Do Birds Have Bratty Babies?

10 05 2010

Starling by Paul Brentnall

So today I’m watching these birds outside the window. Looks like Mom, Dad, and baby. The baby’s cheeping its head off. One of the parents repeatedly sticks its beak in the baby’s mouth–feeding it, I assume. Lovely family picture.

But after the parent stops dropping food down its throat, the baby squawks and squawks. It follows first one parent, then the other, hollering its little head off and flapping its wings. It doesn’t go very high or far, but it manages to annoy both parents, who are digging in the grass.

They both chirp angrily at it. At first it’s startled and falls back a bit, but after a few seconds, it begins pestering the adults again. The parents snap and peck at the baby a few times, which stops the squawks temporarily, but not for long. After several replays of this scenario, the bird I’ve pegged as the dad, mainly because it’s slightly larger, flies at the baby and attacks it with his beak. The baby jumps back, parries, then tries to protect itself as the torture continues. I’m about to go out and stop the bird abuse when the dad fluffs its feathers and flies off.

Is the baby cowed? For about a minute.

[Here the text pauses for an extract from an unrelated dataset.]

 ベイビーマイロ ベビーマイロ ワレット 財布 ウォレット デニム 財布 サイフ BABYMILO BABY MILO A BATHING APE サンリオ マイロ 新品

Then it goes right back to pestering its mom. She turns and caws what looks like a lecture, with the little one backtalking most of the time. She turns her back and returns to digging. Emitting loud cheeps, the baby pecks at the mom’s tail and wings. She keeps ruffling her feathers and moving away, but baby persists. A car turning into the driveway sets them both into flight, but baby’s hot on mama’s tail, screeching the whole time, as they fly into the trees.

So what’s going on here? Looks almost like a human family with a bratty kid. Do birds have child protective services? For a while there, I thought the baby was a goner. However, I have to admit, for the most part, my sympathy’s with the parents. I would have been tempted to send that pain in the neck to a time-out branch.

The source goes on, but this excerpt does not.